Still grinning, Petroff went to a cabinet to the right that turned out to be a hidden bar with a single bottle of vodka and glasses. Petroff glanced at Yakov who shook his head. Petroff poured two glasses, brought one to John. John, still speechless, took the glass from the outstretched hand.
Petroff raised his glass. ‘Cheers,’ he said in fragmented English.
‘Yeah,’ John said. ‘Cheers.’
Both men downed their drinks.
John felt Anna’
s presence before he saw her. He turned and found her standing in the door. To John, she was even more beautiful than he remembered, with the same dark eyes as her brother. He did not have to be told that she was glad to see him; the look on her face in that single, unguarded moment told him all he needed to know. Regardless of what happened, John thought, that single glance had made his journey worthwhile.
Anna smiled warmly. ‘Hello, John. You’ve been expected. Why don’t you sit down?’
The warmth in her voice could not entirely smother the apprehension.
‘Thanks, but I’ll stand,’ John said. ‘At least until somebody tells me what this is all about.’
Anna spoke to her brother in Russian Petroff rose and poured her a drink Anna took the drink and sat down in a chair. She sipped slowly at the vodka, looking at John over the rim of the glass She cast a quick glance at her brother.

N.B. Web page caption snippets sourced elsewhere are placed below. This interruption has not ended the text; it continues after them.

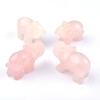 Adornos de elefante de piedra natural de cristal de 2 pulgadas, artesanías, adornos tallados de jade mineral, venta directa de fábrica transfronteriza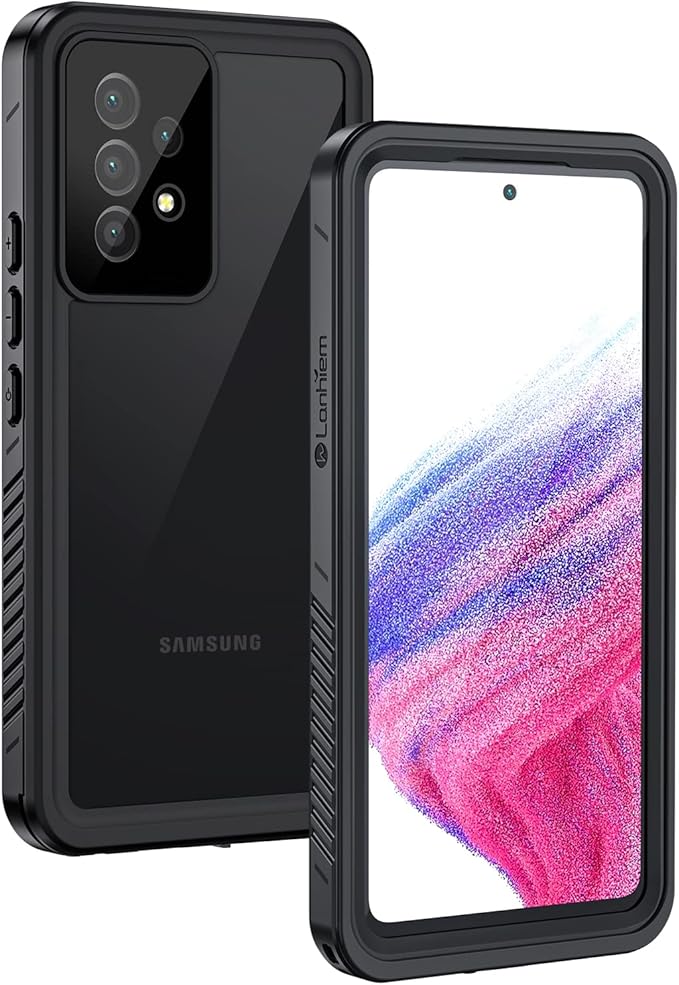 Lanhiem Samsung A53 5G Case, IP68 Waterproof Dustproof Shockproof Case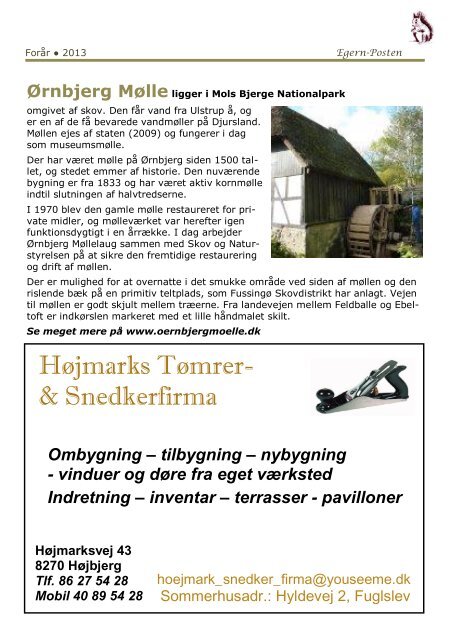 Egern-Posten - Øksenmølle-Fuglslev Grundejerforening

‘What’s your brother doing here? Is he really cr … mentally ill?’
‘Yevgeny will speak for himself,’ Anna said.
She turned to Petroff and translated John’s question. Petroff laughed, then replied. Anna turned back to John.
‘My brother wishes to reassure you that he is quite sane; it is the leaders of our country who are mad. He adds that you, as an American, should fully understand that situation.’
John shook his head. ‘I’m sorry, but I don’t understand anything.’
Anna spoke to her brother again. He hesitated for a few moments, then nodded his head. As Anna spoke, John could feel Petroff’s eyes on him, gauging him. John could feel the power of that gaze. Petroff might be a poet, painter, journalist and chess champion, John thought, but he was also a hunter.
‘As you probably know,’ Anna said, ‘Yevgeny is not very popular with the leaders of our government.’
‘To say the least,’ Yakov interjected, looking up at the ceiling.
‘He has been protected up to now because of his chess skill. However, a few months ago some of Yevgeny’s friends were arrested They were writers for the literary journal he edits. They were tried and sentenced to long prison terms. Yevgeny was told that his friends would be released if he agreed to stop distributing his writings.’ She paused and looked at her brother. Her face glowed with pride and affection. ‘Yevgeny’s reply was that he would not play for the championship unless they released his friends. That is why he’s here. It’s a common form of … punishment.’